Al senatore non è piaciuta una intervista rilasciata da Febbo al Centro pubblicata ieri dal titolo «Ora pensiamo a Forza Italia 2017». Razzi dunque attacca «un altro fuoriclasse della politica abruzzese, tale Signor Consiglier Regional Dottor Mauro Febbo giunto anch'egli alla frutta. Politico di lungo corso - scrive il parlamentare abruzzese di Forza Italia - sul cui groppone pesano responsabilita' politiche di non poco conto. La cosa che fa sbellicare dalle risate, ma ci sarebbe di che scompisciarsi -sottolinea il senatore - e' l'annuncio per sabato 25 della convocazione del coordinamento regionale abruzzese per esaminare il voto delle comunali».

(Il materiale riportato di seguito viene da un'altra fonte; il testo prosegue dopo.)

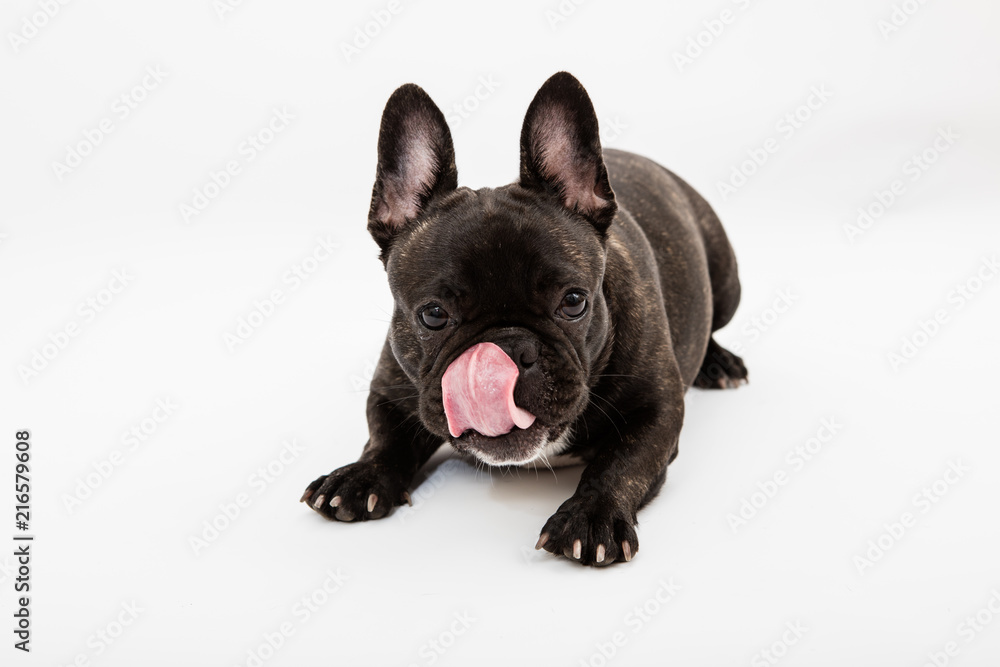 French bulldog isolated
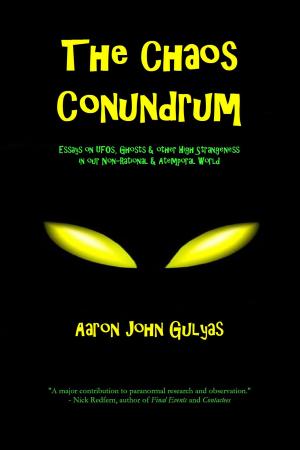 bigCover of the book The Chaos Conundrum by 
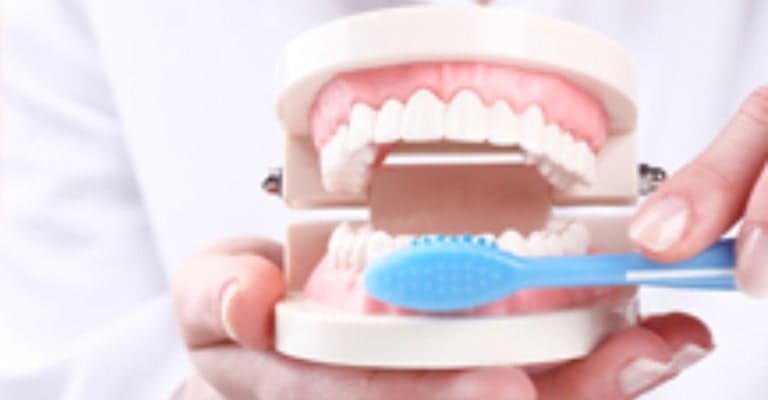Oral Hygiene Education - Miami or Coral Gable Dental Office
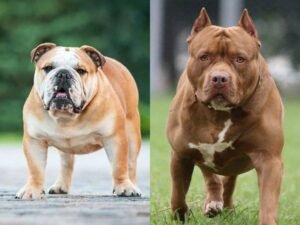 American Bully vs American Bulldog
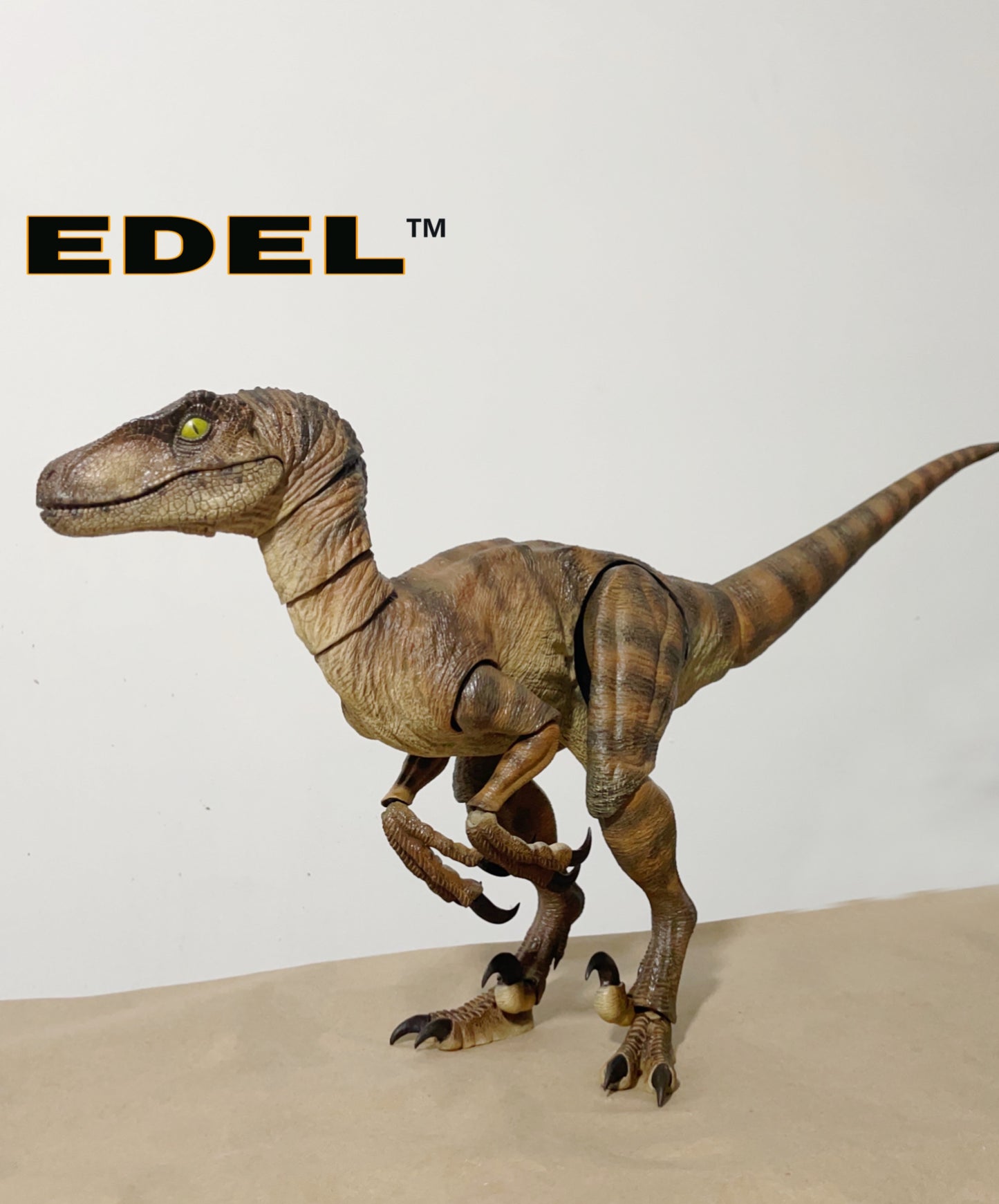 Velociraptor MV1 1/6 scale Super Articulated limited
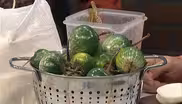 Fall Food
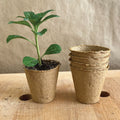 2 1/3" Round Fertilpot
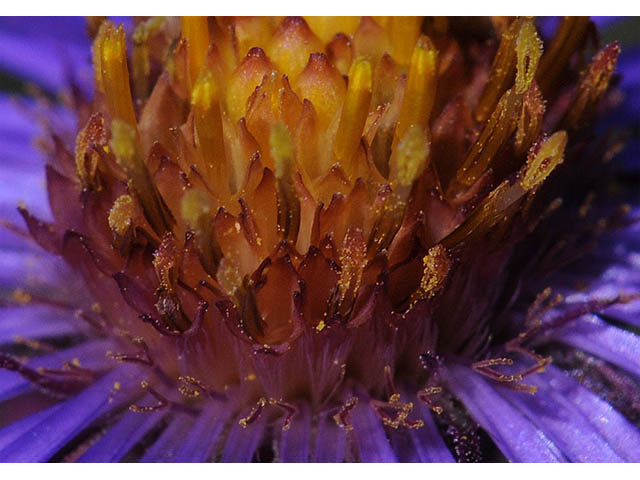 Symphyotrichum novae-angliae (New england aster) #75902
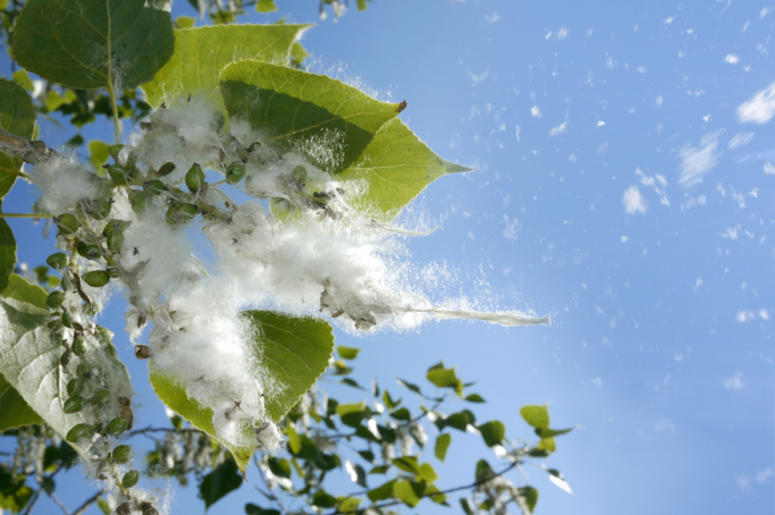 cottonwood season cottonwood season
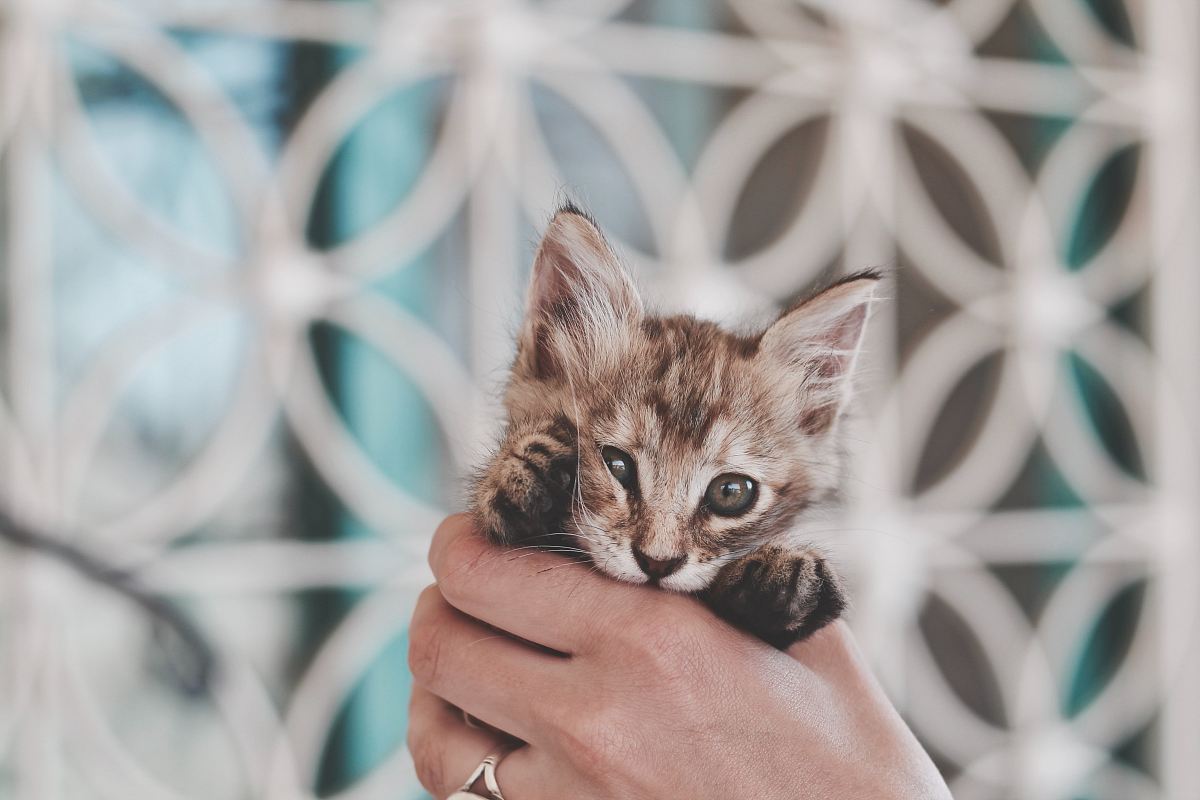 brown tabby kitten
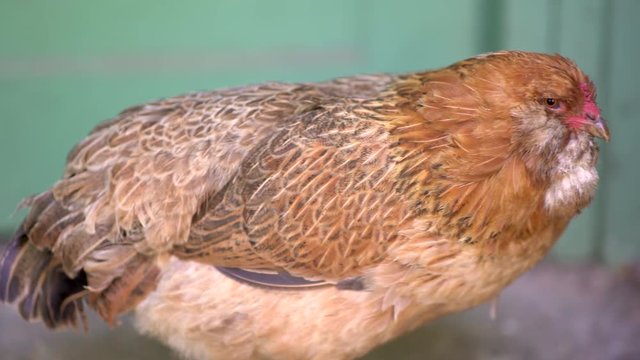 85mm shot of a Welsummer chicken on a summer day in 4K! This shot has strong attention to detail and sharpness, which provide a unique look at the this chicken's feathers/eyes.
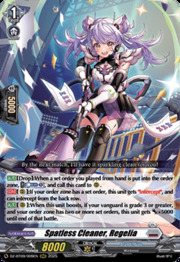 Spatless Cleaner, Regelia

«Quando questi si riuniscono per esaminare, allora stai fresco, anzi freschissimo perche' sono anni che esaminano, parlano, parlano e non ricavano neanche un ragnetto da un buchetto. Testualmente - si legge nella nota di Razzi, segretario della Commissione Esteri al Senato - il Signor Consiglier Regional Dottor Mauro Febbo dice: 'sedendoci ad un tavolino dovremo discutere..ecc...'. Francamente no so con quale faccia questo coordinamento regionale si riunisca per discutere addirittura per programmare qualcosa di buono per la ripresa del partito nel 2017. Sino ad ora a cosa pensava il Signor Consiglier Regional Dottor Mauro Febbo? E nel frattempo da qui al 2017 a cosa pensera'?. Di continuare a pensare sino ad allora oppure ha nella testa finalmente uno straccetto di progetto, un programmino?. Sarebbe, invero, la prima volta. Se al coordinamento del 25 potranno avere la possibilita' di usufruire di un appoggio consistente in un tavolino - afferma Razzi - lo usino per redigere piuttosto le loro dimissioni cercando di fare una figura migliore».

Febbo nell’intervista aveva anche citato Razzi domandandosi cosa il senatore abbia fatto a Roma.

«Sono stato menzionato senza pero' preventiva igiene orale - ironizza il senatore - quando si chiedeva cosa avessi fatto a Roma e dove fosse la lista che avevo annunciato per le comunali. Non mi offendo per questo, figurarsi! Quella era un mia provocazione al solo scopo di aiutare il presidente Berlusconi . Ma la sesquipedale dichiarazione miseranda ma significativa del Signor Consiglier Regional Dottor Mauro Febbo sta nell'aver dichiarato a chiare lettere che Silvio Berlusconi debba essere sostituito nella posizione di leader di Forza Italia testualmente: ...'c'e' il dilemma della leadership nazionale... Errore, errore fatale. Si fosse messo in testa di fare il leader di Forza Italia? Ritiene forse il Signor Consiglier Regional Dottor Mauro Febbo di possederne i requisiti per sostituire il presidente? Sarebbe capace di arrivare sino a questo. Come disse Cirano: 'al fin della licenza io non perdono e tocco'», conclude la nota di Razzi.